Clinicopathologic Analysis of HPV-Related Primary Squamous Cell Carcinoma of the Thyroid

Author:

Zhou Chen1,Li Feng2,Chen Gang1,Wu Chao1,Jiang Jin-Gui1,Duan Jing-Ling3

Affiliation:

1. Department of Pathology, People’s Hospital of Jinhu County, Huaian City, Jiangsu Province

2. Department of Otolaryngology, Affiliated Hospital of Guangdong Medical University, Zhanjiang, Guang Zhou Province

3. Department of Pathology, Tongren Hospital Shanghai Jiao Tong University School Of Medicine, Shang Hai, China

Abstract

Object: This study aims to explore the clinical and pathologic characteristics of HPV-related primary thyroid squamous cell carcinoma (PSCCT), a rare tumor classified by WHO-5 as a subtype of anaplastic thyroid carcinoma (ATC). Methods: Clinical data, histomorphology, immunohistochemistry, HPV detection, and B-raf gene point mutations of 3 PSCCT cases were analyzed. Subsequent follow-up was conducted post-treatment. Results: All 3 cases involved female patients aged between 60 and 76. Microscopic examination revealed squamous cell carcinoma in cases 1 and 3, whereas case 2 exhibited both squamous cell carcinoma and papillary thyroid carcinoma components. Immunohistochemistry demonstrated CK19, PAX8, and TTF1 expression in the papillary thyroid carcinoma component, and CK5/6, p63, p40, and PAX8 expression in the squamous cell carcinoma component.

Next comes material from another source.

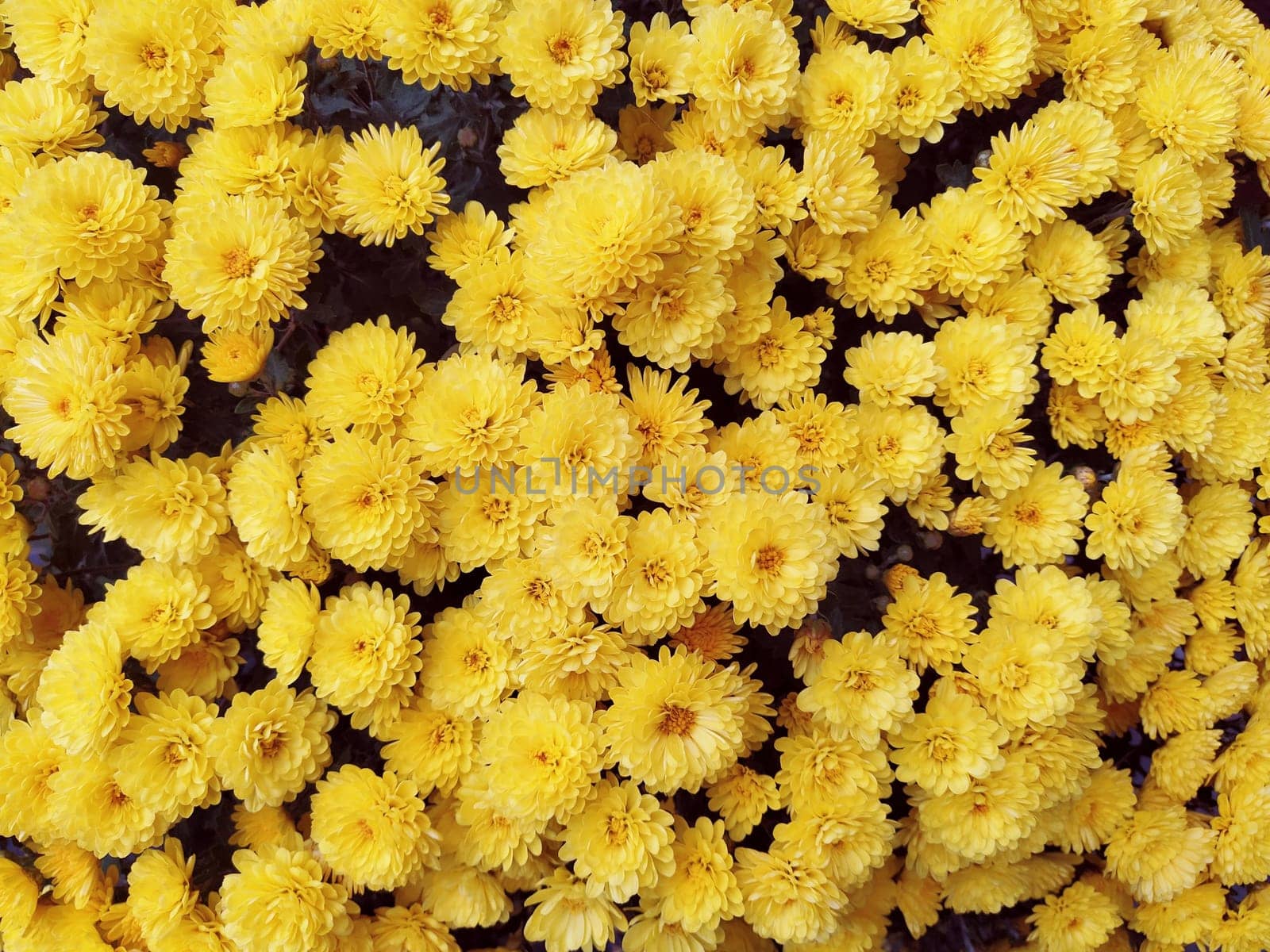 Chrysanthemums of yellow color in a bouquet. Close-up. Greeting card for wedding or birthday. Autumn flowers from the family Asteraceae or Dendranthema. Flower texture. Flower wall.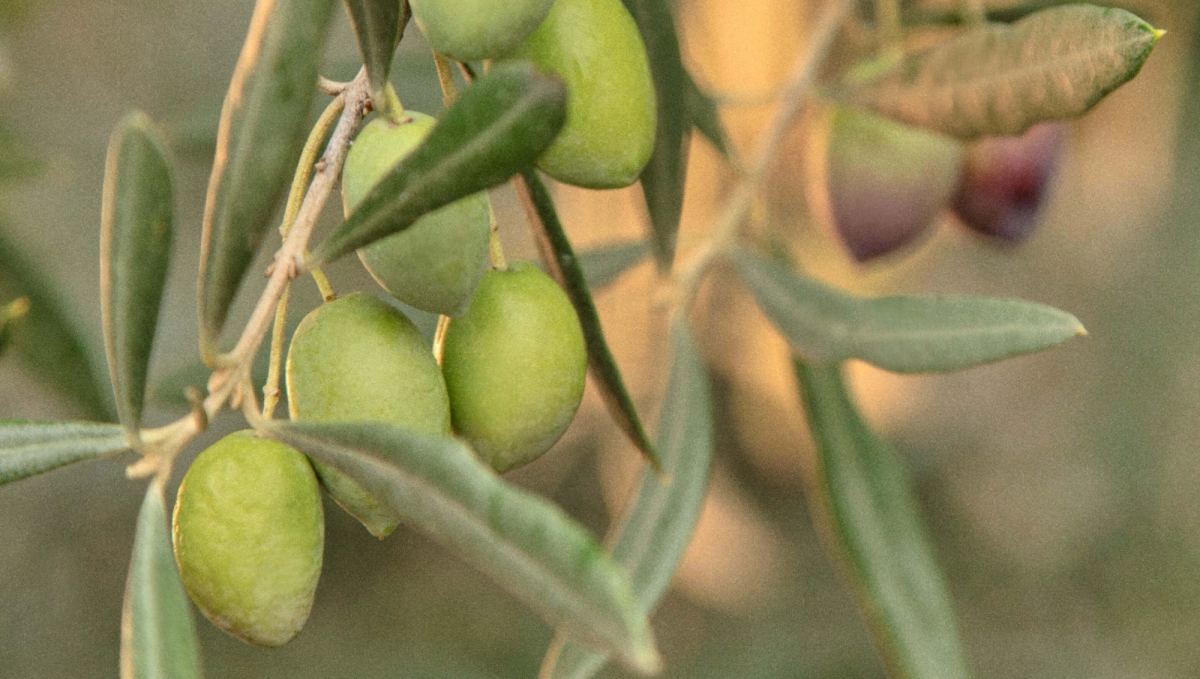 Graza olive oil trees close up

P16 exhibited diffuse positivity in both squamous cell carcinoma and classic papillary carcinoma. HPV analysis identified low-risk type 6 positivity in cases 1 and 3, while both squamous cell carcinoma and papillary carcinoma areas in case 2 were positive for HPV-33. B-raf gene mutation was exclusive to case 2. Conclusion: Diagnosis of PSCCT necessitates multidisciplinary assessment, incorporating clinical symptoms, imaging, histomorphology, and immunohistochemistry. This study, for the first time, reveals the presence of HPV DNA in both PTC and PSCCT, occurring concurrently but separately. Given the limited scope of 3 case reports, definitive conclusions cannot be drawn, warranting further investigation.